The line containing "Burberry Check Panel" marks the start; extract exactly from it through the last line of the entries, and omit any pictures.

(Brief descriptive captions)
# # # # #

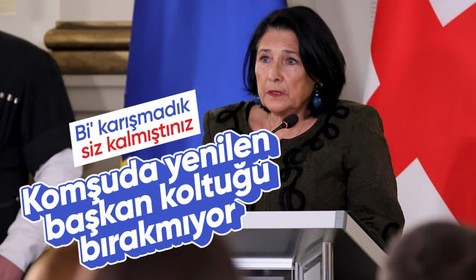 Gürcistan'da cumhurbaşkanlığı seçimlerini kaybeden Zurabişvili: Görevi teslim etmeyeceğim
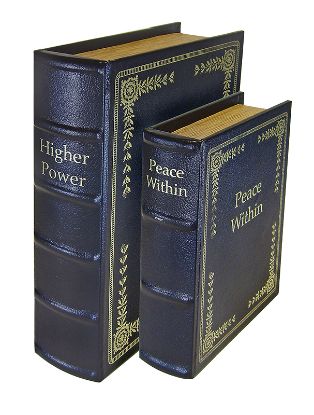 Picture of Peace Keeper Db2blk Diversion Book Set Front Panel Entry Black Wood Holds 2 Handguns 
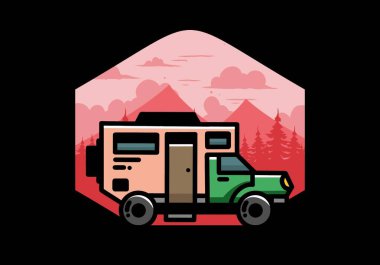 Illustration design of a big overland car badge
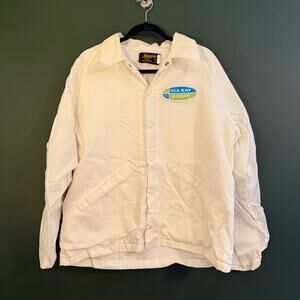 VTG Swingster Sea Ray Boats Men’s L Windbreaker w Buttons Jacket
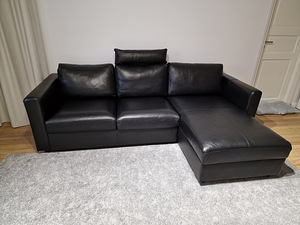 IKEA VIMLE nahast 3-kohaline diivan (5 foto / 9)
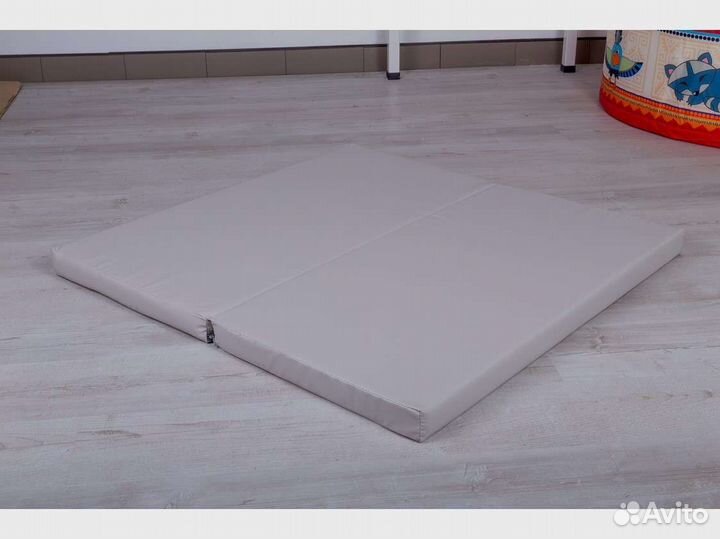 Мат складной 2 секции Sportova 100х100х6см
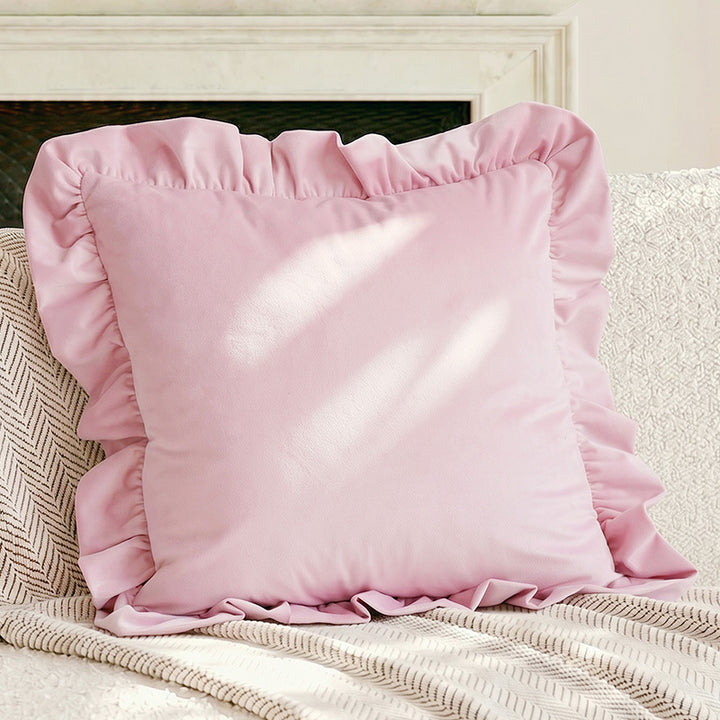 Decorative Ruffled Throw Pillow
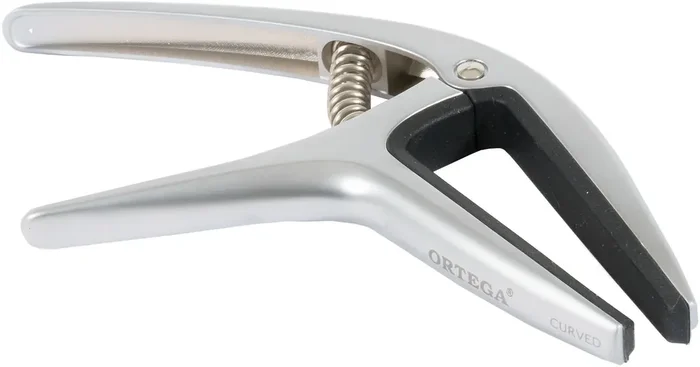 Ortega TWCAPO-CR Silver Capodastre pour guitare classique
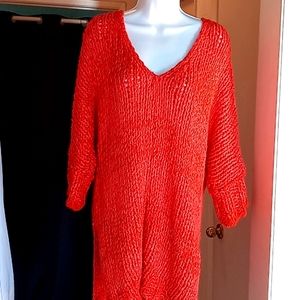 Free People Boho Chunky Sweater Dress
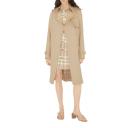 Burberry Check Panel Cotton Gabardine Trench Coat , Size: 10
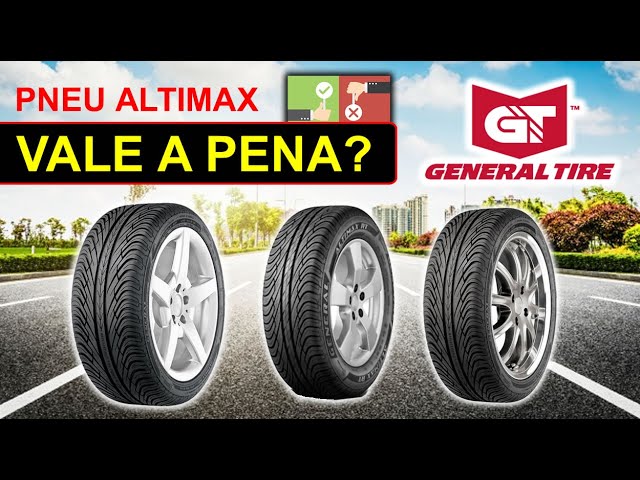 Pneu Altimax General Tire Bom Cupom Mestre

# # # # #

Response box
 Burberry Check Panel Cotton Gabardine Trench Coat , Size: 10
 Pneu Altimax General Tire Bom Cupom Mestre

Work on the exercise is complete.